- EXERCISE DATA:
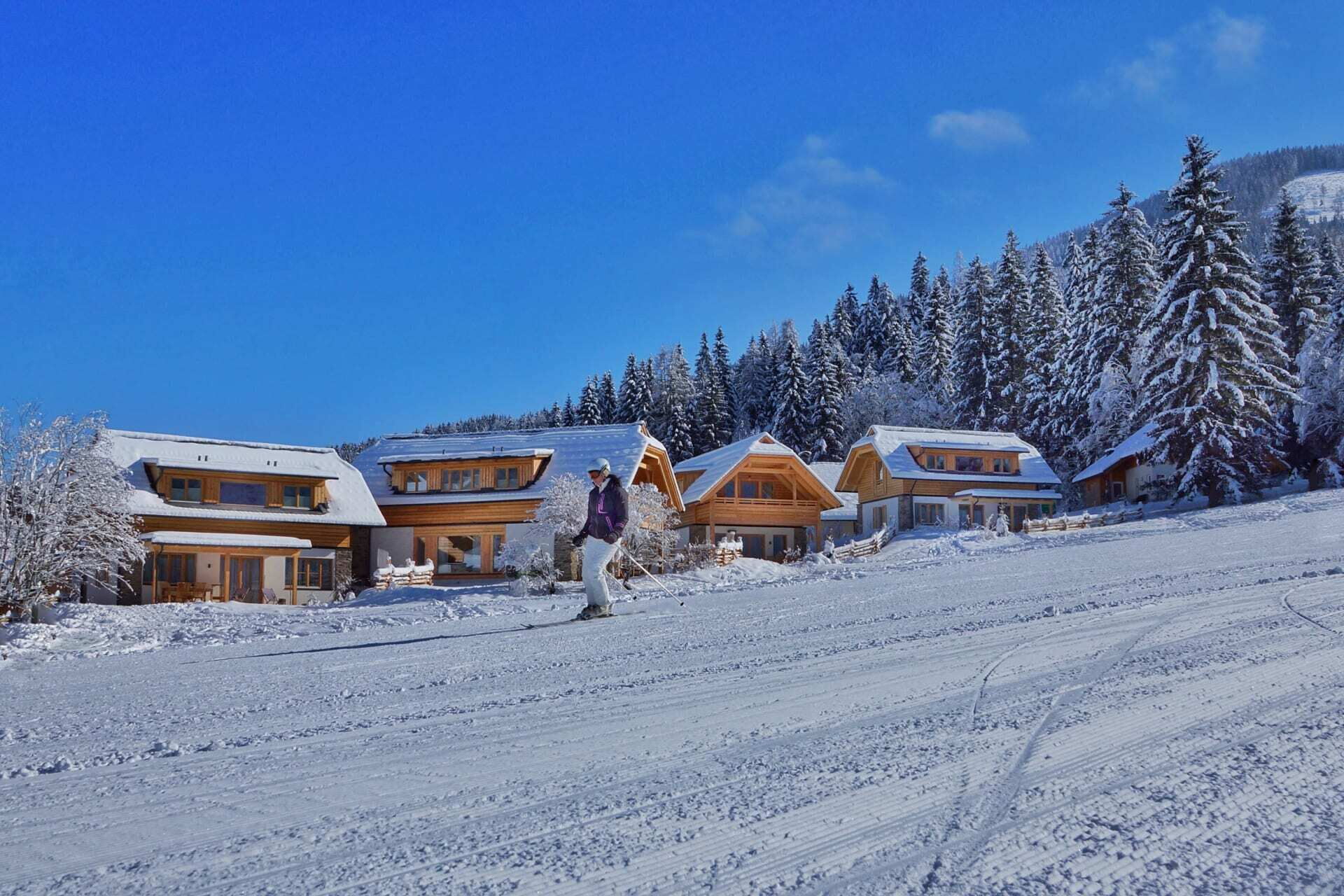 Chalet innevati in un pittoresco paesaggio invernale con cielo azzurro e sciatori.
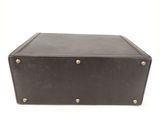 a brown leather suitcase with brass studding on the front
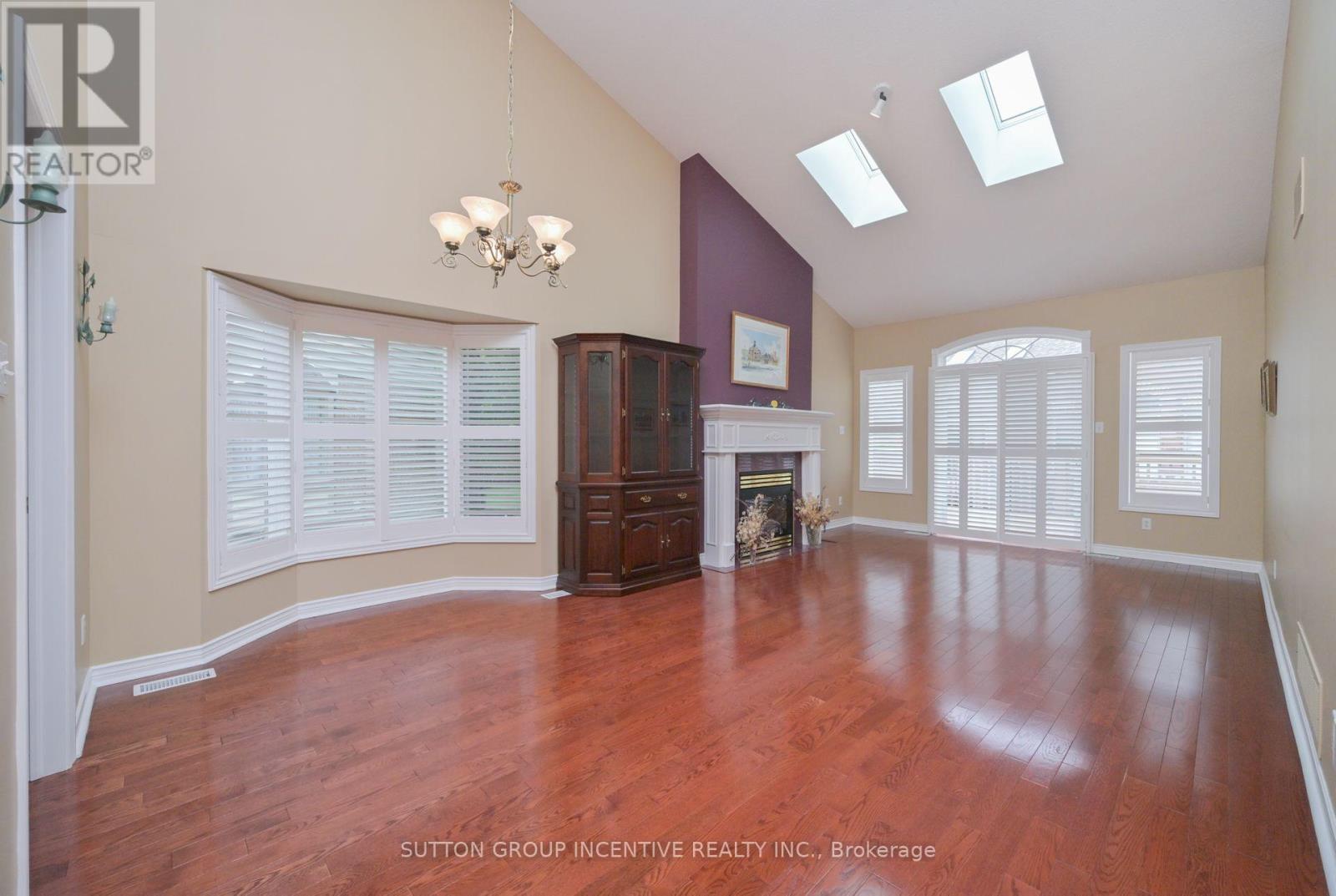 22 - 4 Belair Place, New Tecumseth, ON - Indoor With Fireplace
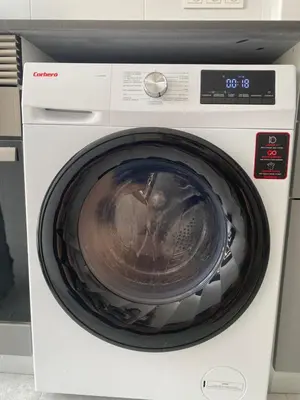 a white washing machine with its door open at Adosado en Playa Casablanca in Almenara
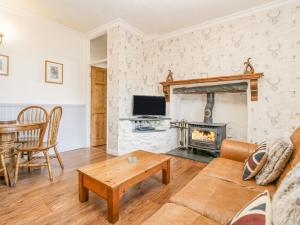 a living room with a couch and a fireplace at Beech Cottage in Ulverston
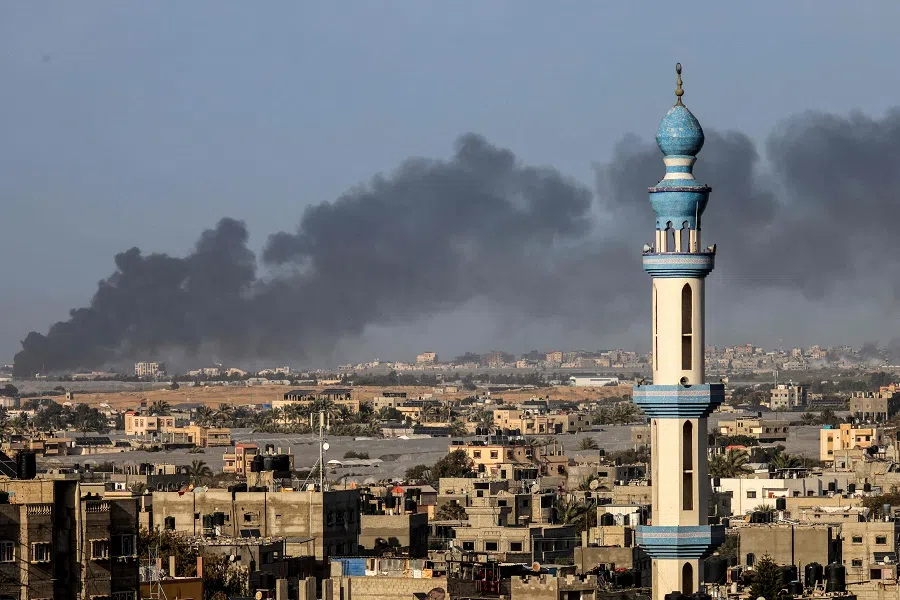 A picture taken from Rafah shows smoke billowing over Khan Yunis in the southern Gaza Strip during Israeli bombardment on 22 January 2024, amid ongoing battles between Israel and the Palestinian militant group Hamas. (AFP)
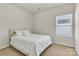 Bedroom with white bedding, and a window with blinds at 7316 Strawberry Fields Ln, Charlotte, NC 28278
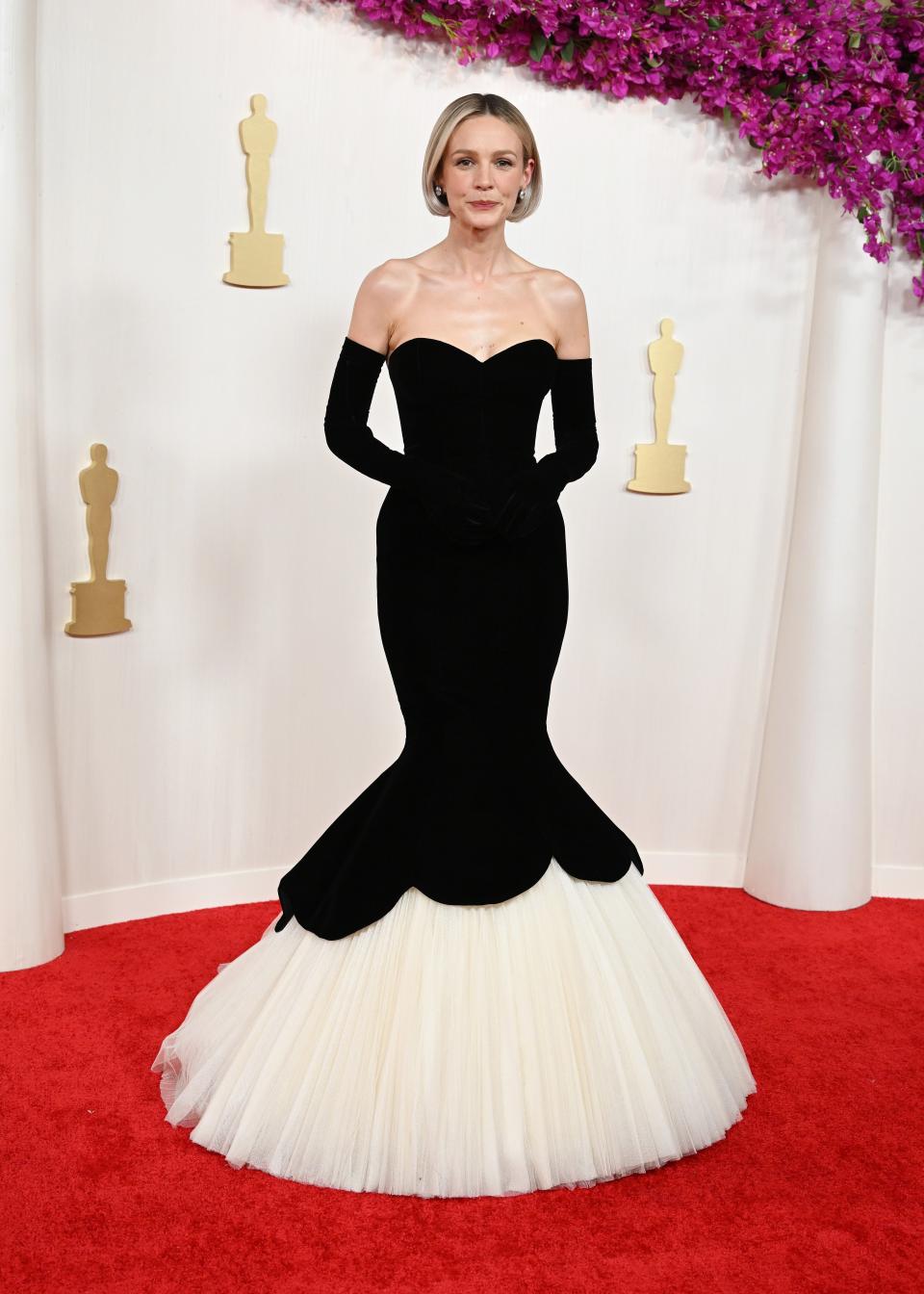 Image may contain: Carey Mulligan, Fashion, Clothing, Dress, Adult, Person, Wedding, Premiere, Red Carpet, and Formal Wear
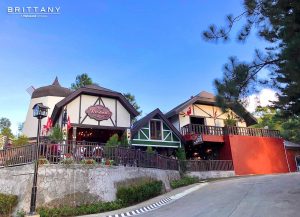 a photo of the facade of the windmill at lausanne | luxury homes by brittany corporation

- YOUR TASK: The lines from the one holding "Bedroom with white" through the end of the material above are to be echoed exactly, both ends included. Do not include pictures.

- ANSWER SPACE:
 Bedroom with white bedding, and a window with blinds at 7316 Strawberry Fields Ln, Charlotte, NC 28278
 Image may contain: Carey Mulligan, Fashion, Clothing, Dress, Adult, Person, Wedding, Premiere, Red Carpet, and Formal Wear
 a photo of the facade of the windmill at lausanne | luxury homes by brittany corporation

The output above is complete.